What Is Faith in the Hebraic Mindset?

Posted by on Jul 4, 2016

In Greek the word pistis is translated as “faith.” According to Strong Dictionary, pistis is persuasion, that is, credence; moral conviction (of religious truth, or the truthfulness of God or a religious teacher), especially reliance upon Christ for salvation; abstractly constancy in such profession.

Hence, we find that in the Graeco-Roman mindset faith is an intellectual acceptance of what is true and we have to admit this is a very abstract concept.

However, what is faith from Hebraic perspectives? The ancient Hebrews as nomads lived in tents and raised livestock. When the livestock consumed the edible vegetation in one area, the herder would then pack up his tent and his belongings and move on to a greener land and so on.

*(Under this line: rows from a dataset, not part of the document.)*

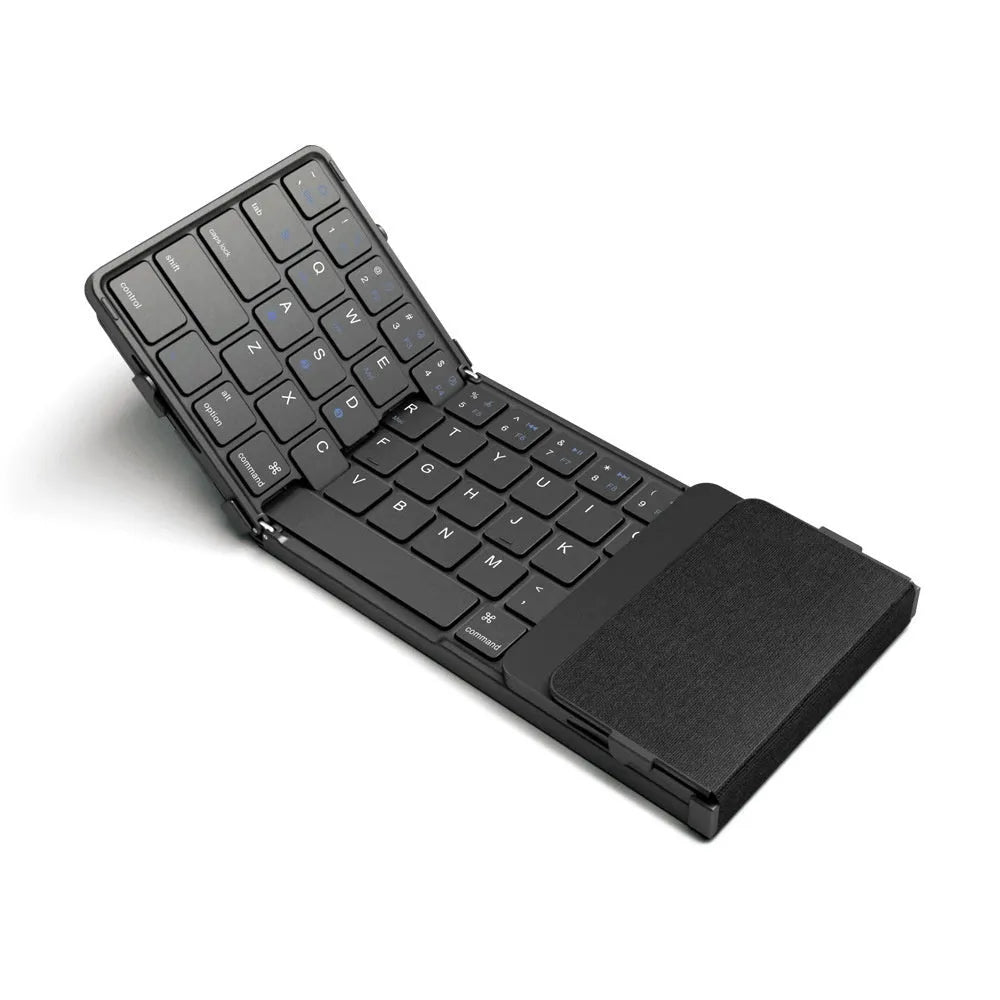 Black folding Bluetooth keyboard for mobile phone and tablet with touchpad variant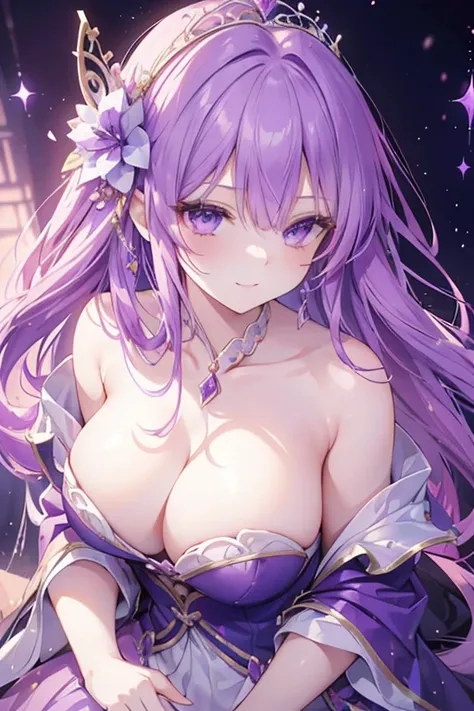 Close-up of a person in purple costume and purple hair, seductive princess knight, beautiful woman with violet skin, giggling character, super detailed fantasy character, Yunling, full body fairy, Hirase Jinyao, beautiful and elegant queen, portrait of the...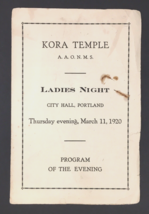 Kora Temple A.A.O.N.M.S. Ladies Night Program 1920 City Hall Portland Maine - £15.92 GBP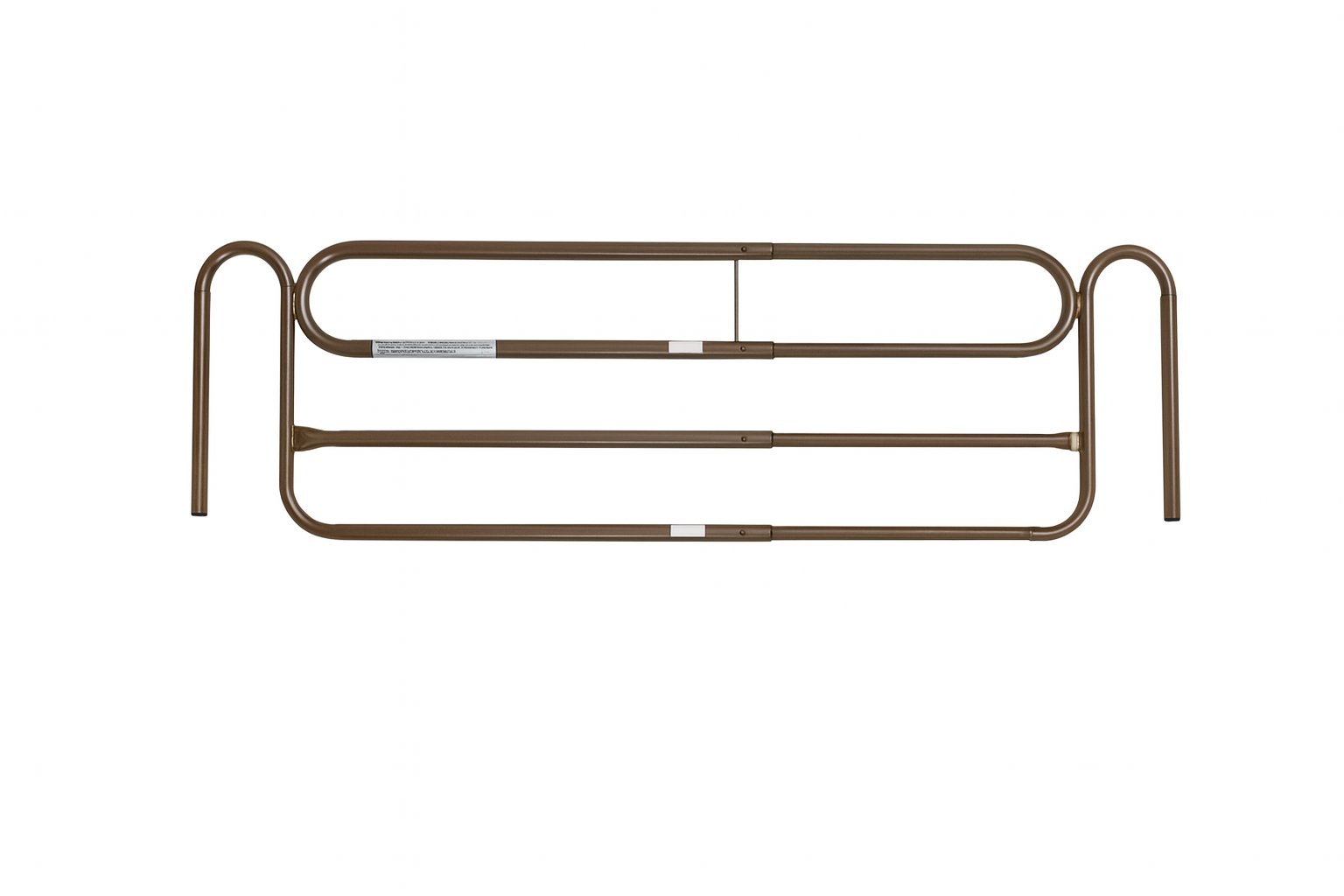 Bronze metal bed rail on a white background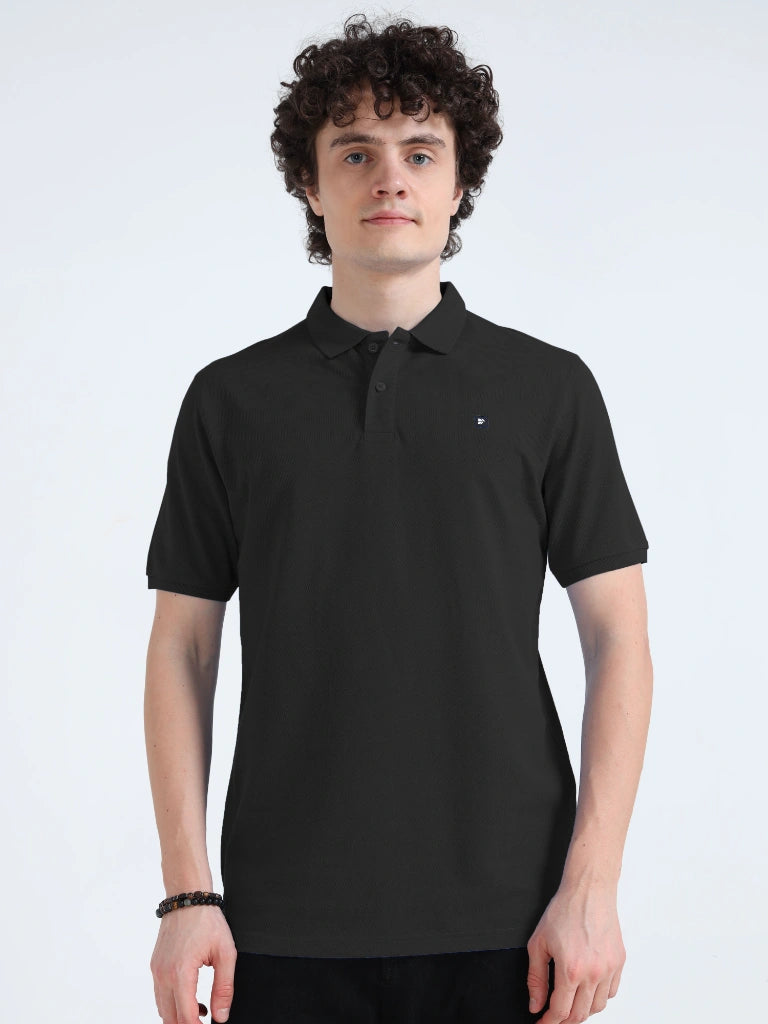 Men’s Combed Cotton Polo T-Shirt - Black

A tent (ohel in Hebrew) is the herder’s shelter when moving from one place to another.

In this study we will be looking at a tent stake in order to understand the word faith. The pictograph of the Hebrew word and letter vav is that of a peg. What is the most important factor when driving the tent stakes, or pegs? The ground.

If a nomad drives a tent peg in soft ground, the tension on the rope will pull the stake out, the peg will get loose, and in the first storm the tent will be gone. So, he will need very firm ground to hold the peg in. In a firm ground the stake will remain secure in its position. And how he will test whether the peg has been driven firmly? By checking the firmness of the tent cords.

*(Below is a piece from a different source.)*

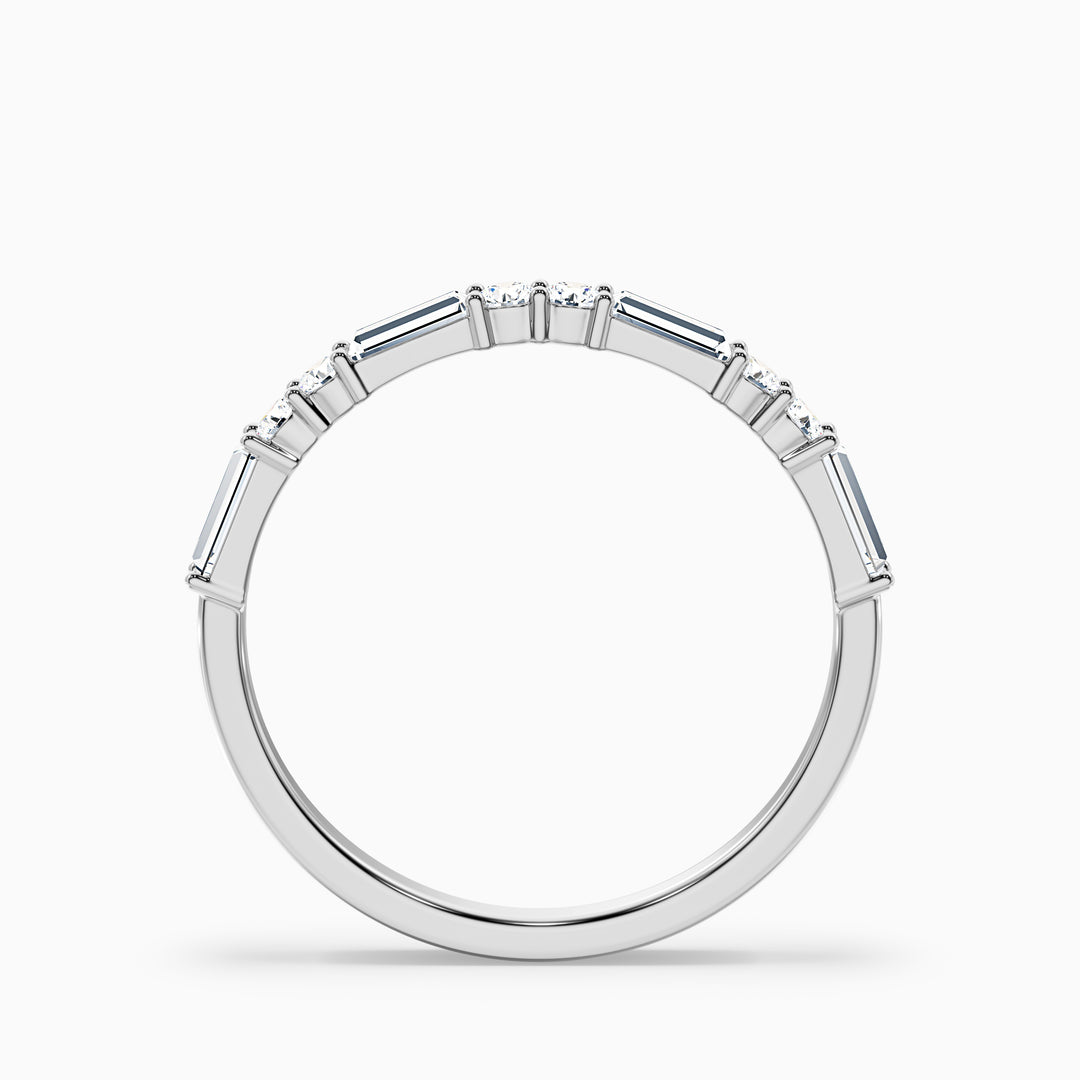 Isleen Baguette and Round Cut Half Eternity Lab Grown Diamond Wedding Band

Let us now look at a passage of Scripture that uses this “concept” of driving a peg firmly and try to grasp the meaning of faith from Hebraic perspectives.

“I will drive him like a peg into a firm place, he will be a seat of honor for the house of his father.” Isa 22:23

Here we have the peg being driven into a “firm” place. The Hebrew word translated as “firm” here is the verb אמן aman which literally means “to be firm or sure” (BDB Dictionary). This verb aman is used 110 times in the Tanak. The noun that derives from aman is Enfma emunah and means “faith.”

Let us now look at another passage using this same verb and see what it says.

Avram believed Adonai, and he credited it to him as righteousness (Gen 15:6)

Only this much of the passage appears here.